The BALLET-PARADE column presents various competitions and festivals.
The first article by the Magazine’s editor-in-chief, Valeria Uralskaya,
deals with two competitions: the International Ballet Forum in Helsinki
and the International Dance Competition in Korea. “What unites these two
so dissimilar competitions is, among other things, the person of Doris
Laine. Formerly a famous ballerina who had dedicated many year to the International
Dance Institute, she chaired the organizational committee of the Helsinki
competition this year, having assured professional stability of its work,
and also headed the panel of Seoul competition’s judges, having shared
with its organizers her experience and skills.”
In addition to the analysis of the competitions’ repertoire and of
the participants, and to a report of the awards, the article sets a serious
problem pertaining to the dynamics of the development of the global competition
movement. The writer focuses on an analysis of the principles that form
the participants’ repertoire in contemporary dance and of the requirements
for that aspect of the competitions. Mrs. Uralskaya believes that the criteria
in these respects should not be whether a piece belongs to ‘dance nouveau’
or ‘contemporary’ or ‘jazz’ etc., but whether or not it’s a ballet piece.
“It may be based on either classical, character, ethnic, or any other dancing
manner, but it must be an event of ballet theater, a miniature piece of
that art form.”
Discussing the Seoul competition the writer analyzes its ethnic dance
nomination, which doesn’t exist in other competitions. Among her topics
is the positive experience of the participants from China, whose performances
less often than those of others suffer from slips and failures. “Selection
of repertoire is never haphazard– it always corresponds to dancer’s individuality;
partners in duets match each other; all details of the dance are deliberately
polished, all emphases precisely put, the style of any piece is adhered
to. But what is perhaps the most important is that within the contemporary
repertoire the Chinese experts managed to answer in a practical manner
the question, what in the competitions’ contemporary programs is theatrical
dance and what has nothing to do with it.”
Yelena Nikitina, in the second article, discusses in detail the Fifth
Moscow Histrionics – an international festival of authentic musical and
theatrical arts in the capital’s palaces and homesteads.

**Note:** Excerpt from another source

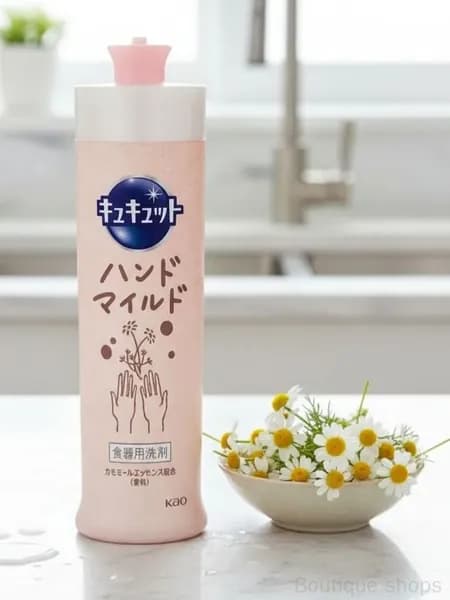 Средство для мытья посуды KAO CuCute Мягкие руки Hand Mild Chamomile, с ароматом ромашки, 210 мл.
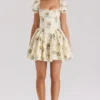 Rosie Lemon Rose Print Cotton Mini Dress Rosie Lemon Rose Print Cotton Mini Dress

This summer it
was dedicated to the 100th anniversary of Isadora Duncan’s first performance
in Moscow. Twenty-five troupes from 16 countries all over the world, including
USA, Japan, UK, Hungary, Germany, Poland, Norway, and Belarus, came here
to celebrate the jubilee. They have presented the past, the present and
the future of the free dance and its numerous branches – Duncan dance,
rhythmic, nouveau, eurhythmies, musical motion, harmonic gymnastics, contact
improvisation, buto, etc. The program was extensive and diverse – from
the early lyrical waltzes and etudes to the music of Chopin and Schubert
choreographed by Isadora herself to her latter, tragic solo-dances to the
music of Liszt and Scriabin.
Valery Ivanov’s article is about Alla Shelest Festival in Samara. “It
so happened that Samara has become a city where they pay honor to one of
the 20th century’s legendary ballerinas, Anna Shelest. But it didn’t happen
just by chance. Her name is fast bound with an important stage in the life
of the Samara (and Kuibyshev, as its name used to be) ballet troupe where
she had been chief choreographer in the early 70’s.” At the festivities
of 2005, which were held for the ninth time, drama-ballet reigned supreme.

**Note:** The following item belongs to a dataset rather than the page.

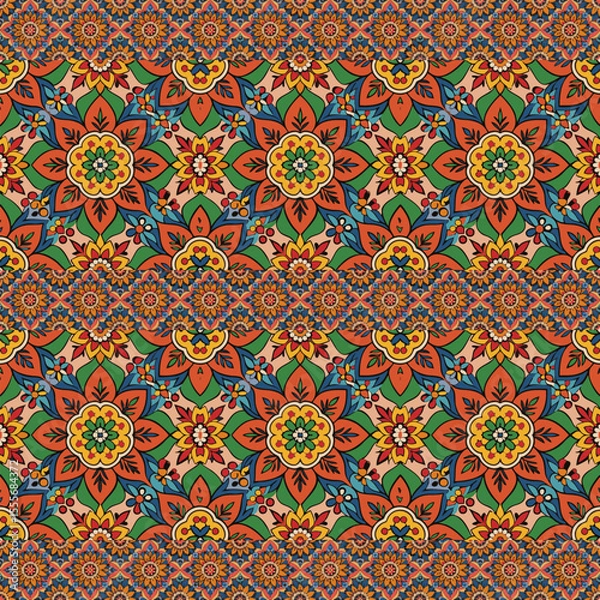 Fototapeta ethnic floral seamless pattern. abstract ornament pattern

These days, there are sevaral productions of this genre in the Theater’s
repertoire, and it was they that made up the Festivals playbill. Esmeralde
opened the Festival; The Masquerade followed, after which the imperishable
Don Quixote was shown, whose presence would be appropriate in any festival’s
playbill. The Festival also featured The Fountain of Bakhchisarai, which
is considered “a classical piece of the genre”, and the one-act Lady With
a Doggy. The closing Gala Night was a parade of legendary pieces from various
years’ productions. Participating in the performances and in the Gala were
both host and guest performers of the Festival.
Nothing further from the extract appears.